Tentu saja ada yang memperkenalkannya, karena saya dulu anak SD yang hobby baca novel. Setelah ngefans banget sama novel-novel terjemahan karya-karya Enid Blyton dan Astrid Lindgren, menemukan Lupus seperti menemukan taman bermain yang baru. Tata bahasa sehari-hari jauh dari EYD, tokoh yang lucu, dan yang pasti dari berbagai faktor yang ada, yang paling penting kenapa saya menyukainya adalah karena Lupus membuat Manik kecil begitu bahagia.
Dan dua orang yang memperkenalkan saya pada Lupus, yaitu kakak-kakak sepupu perempuan saya, kini telah tiada.

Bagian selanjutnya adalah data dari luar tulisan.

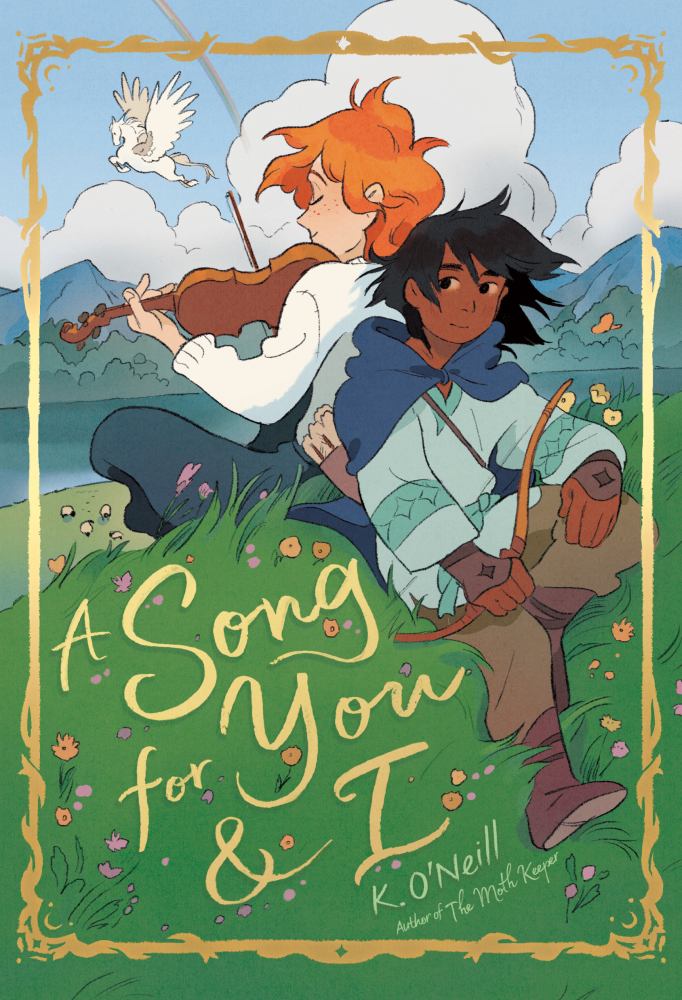 A Song for You and I: (a Graphic Novel) (Paperback)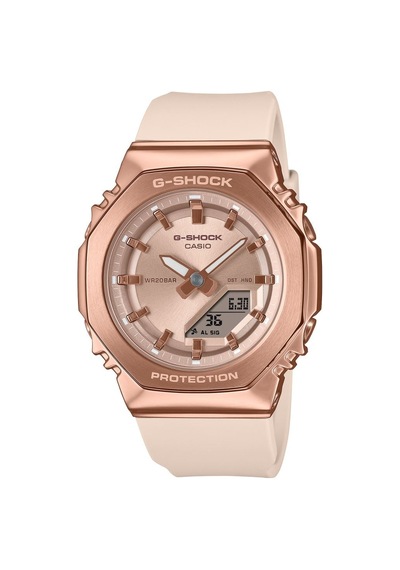 Casio Gm-s2110pg-4adr Kol Saati Renkli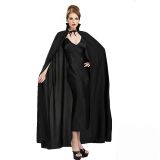 MEKs Siyah Yakalı Yetişkin Pelerin 120 Cm CRC-3879608559527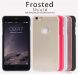 Пластиковый чехол NILLKIN Frosted Shield для iPhone 6/6s Plus - Gold (330251F). Фото 6 из 14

Saya masih mencoba untuk terus membacanya. Kini buku ini terasa begitu tipis untuk ukuran sebuah novel. Bab demi bab yang dulu membuat saya terpingkal-pingkal saat membacanya kini tidak lagi. Mungkin akibat kelucuan-kelucuan yang lebih dahsyat lainnya yang saya alami dalam hidup saya. Sehingga kekonyolan Lupus tak lagi terlalu menggelitik otak saya yang kini sudah dewasa. Lupus mampu membuat Manik kecil 30 tahun yang lalu terbahak-bahak. Kini, Manik dewasa hanya tersenyum.

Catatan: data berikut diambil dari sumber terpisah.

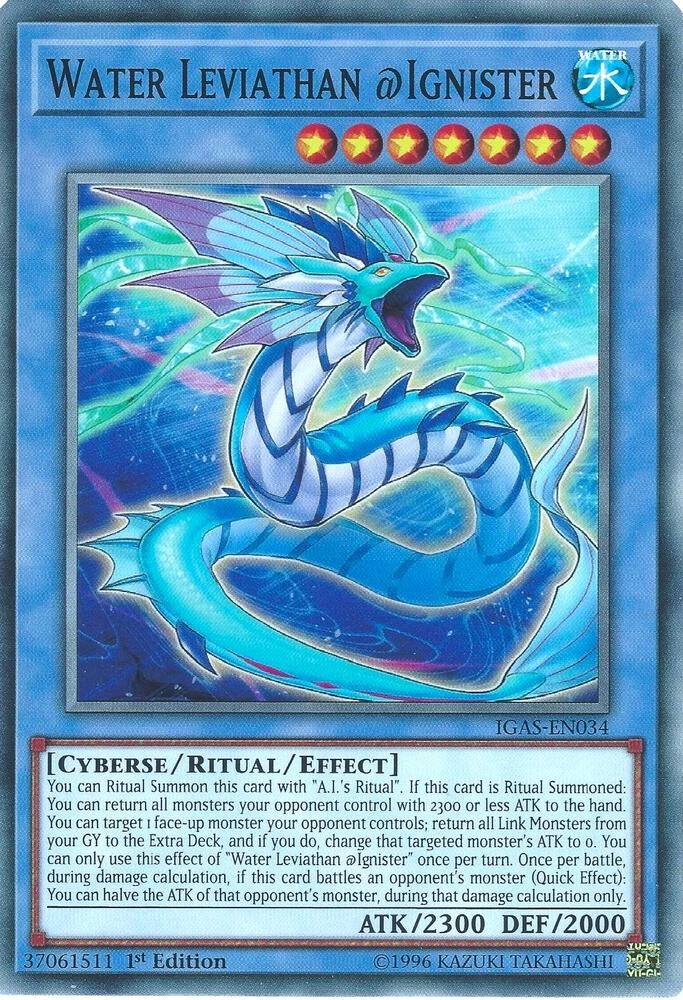 Water Leviathan Ignister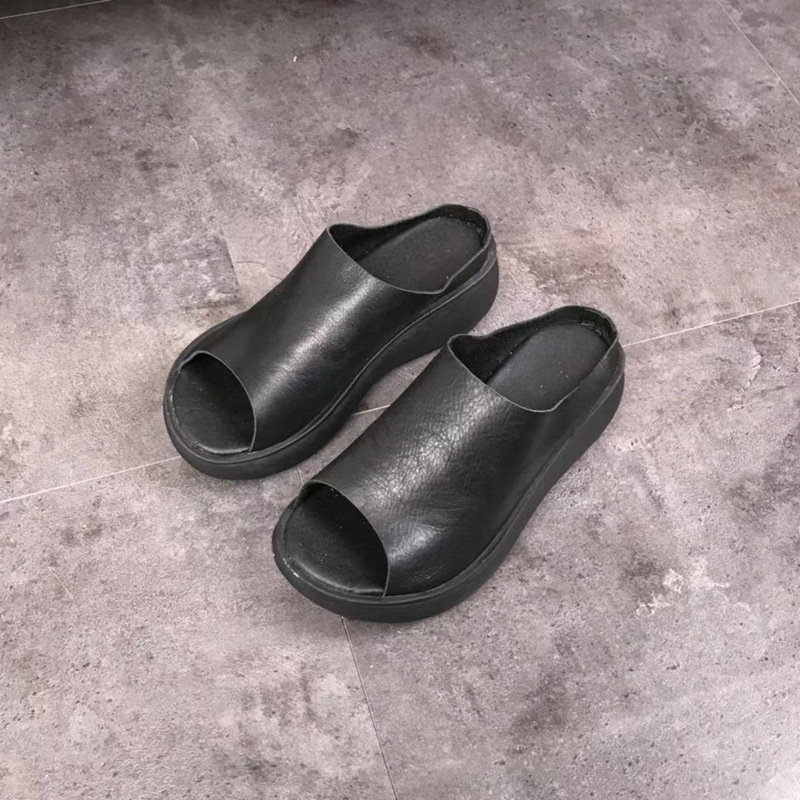 Chaussures été pour femme en Caoutchouc - Ref 3346865 Image 6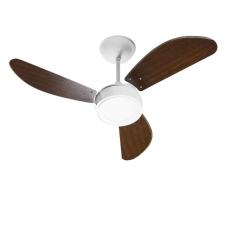 Imagem de Ventilador de Teto New Light Led Cobre 3 Pas Tabaco 127v Ventidelta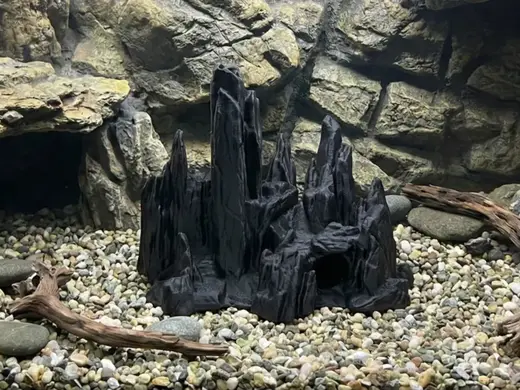 Aquarium Terrarium Realistic Hardscape Rock Decor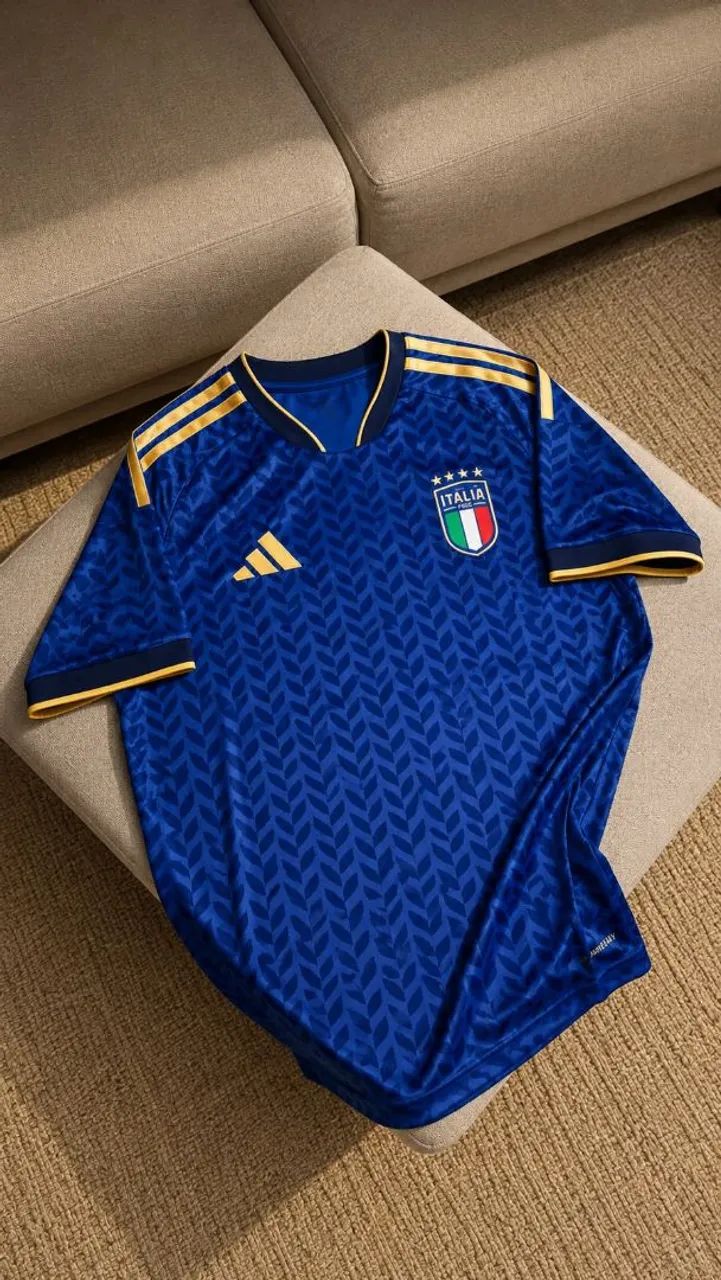 Camiseta time Itália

Buku Kejarlah Daku Kau Ku Jitak sudah saya tamatkan.
Lalu apa yang saya rasakan?
Ternyata saya sudah terperosok jauh ke jurang kepedihan yang mendalam. Bukan hanya terkenang momen tertawa saat membacanya di akhir tahun 80an itu bersama dua kakak sepupu perempuanku. Tapi kepedihan atas cerita Lupus itu sendiri.

Sedih mengenang tahun-tahun yang sarat akan kesederhanaan jaman.
Pedih mempertanyakan kehadiran tokoh-tokoh di buku itu kini. Masihkah ada di suatu tempat, atau berada bersama sepupu-sepupuku di sana.
Perih karena aku telah berada di masa yang sangat jauhhhhh dari usia Lupus tokoh idola masa kecilku itu. Bahkan mungkin usiaku kini lebih tua dari tokoh ibu Lupus.
Dan yang paling menyakitkan adalah menyadari bahwa waktu tak kan pernah kembali lagi.


Lupus. Cetakan pertama tahun 1986. Kenangan masa lalu yang selalu akan ku simpan rapi dalam kotak kecil berpita biru muda di salah satu sudut hatiku. Sesekali kan ku buka jika ku rindu Manik kecil yang rambutnya diikat buntut kuda.

Jadi melalui tulisan ini saya nyatakan, bahwa teori kenangan-indah- itu-tidak ada, akan segera saya publikasikan sebagai penemuan saya terbaru.